Bill of Rights
- Edmund Randolph’s Objections (September 10, 1787)
Edmund Randolph lists twelve objections he had to signing the Constitution. He would, however, sign with the understanding that “another general Convention” would be called “with full power to adopt or reject the alterations proposed by the State Conventions.”
- George Mason’s Call for a Bill of Rights (September 12, 1787)
The Committee of Style Report was presented on September 10. On September 12, George Mason supported by Elbridge Gerry moved that a committee be created to prepare a prefatory Bill of Rights modeled on “the state declarations.”
- George Mason’s Objections to the Constitution (October 1787)
The first of George Mason’s ten objections to the Constitution begins: “There is no declaration of rights.” In particular, “there is no declaration of any kind for preserving liberty of the press, the trial by jury in civil cases, nor against the danger of standing armies in times of peace.” Mason’s position is that a federal bill of rights is both imperative and valuable.

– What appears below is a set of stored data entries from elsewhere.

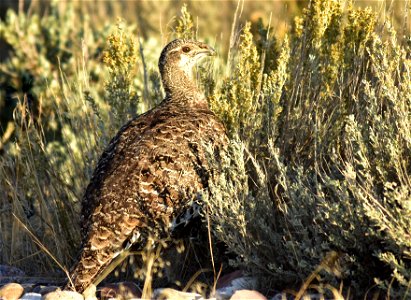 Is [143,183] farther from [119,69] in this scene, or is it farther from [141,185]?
[119,69]

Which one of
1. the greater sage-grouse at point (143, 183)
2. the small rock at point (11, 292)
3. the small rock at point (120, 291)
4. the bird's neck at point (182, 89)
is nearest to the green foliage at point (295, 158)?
the bird's neck at point (182, 89)

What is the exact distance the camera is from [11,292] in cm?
435

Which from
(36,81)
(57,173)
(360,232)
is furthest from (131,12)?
(360,232)

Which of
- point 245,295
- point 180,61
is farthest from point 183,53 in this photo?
point 245,295

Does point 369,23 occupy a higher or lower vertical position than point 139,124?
higher

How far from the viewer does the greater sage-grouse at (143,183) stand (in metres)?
4.46

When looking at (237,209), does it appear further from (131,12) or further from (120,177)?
(131,12)

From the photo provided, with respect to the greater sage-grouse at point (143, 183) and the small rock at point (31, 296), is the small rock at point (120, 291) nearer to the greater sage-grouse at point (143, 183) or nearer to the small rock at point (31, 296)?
the greater sage-grouse at point (143, 183)

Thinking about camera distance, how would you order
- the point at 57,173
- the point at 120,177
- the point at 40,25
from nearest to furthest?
the point at 120,177, the point at 57,173, the point at 40,25

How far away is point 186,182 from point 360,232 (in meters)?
1.14

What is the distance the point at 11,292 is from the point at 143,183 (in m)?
0.94

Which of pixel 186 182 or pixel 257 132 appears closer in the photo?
pixel 186 182

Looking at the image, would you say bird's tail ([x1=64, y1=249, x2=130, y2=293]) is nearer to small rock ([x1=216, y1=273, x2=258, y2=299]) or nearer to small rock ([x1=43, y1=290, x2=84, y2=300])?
small rock ([x1=43, y1=290, x2=84, y2=300])

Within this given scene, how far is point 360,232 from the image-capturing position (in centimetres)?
399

He was concerned that Congress may abuse the supremacy clause and the necessary and proper clause. The supremacy clause makes federal laws “paramount to the laws and constitutions of the several states.” Thus, “the declaration of rights, in the separate states, are of no security.” The necessary and proper clause enables Congress to “grant monopolies in trade and commerce, constitute new crimes, inflict unusual and sever punishments, and extend their power as far as they should think proper.”
- State House Speech by James Wilson (October 6, 1787)
James Wilson’s “State House” speech was the first official defense of the Constitution and responds directly to the objections George Mason had expressed during the last month of the Convention. It was published in the Pennsylvania Herald and widely distributed as “an authoritative explanation” of the Constitution. Wilson argued that at the state level, a bill of rights is necessary and salutory because “everything which is not reserved, is given,” but “superfluous and absurd” at the federal level because “everything which is not given, is reserved.” Wilson’s theory of “distinction” was invoked by both supporters and opponents.
- Letter from Richard Henry Lee to Edmund Randolph (October 16, 1787)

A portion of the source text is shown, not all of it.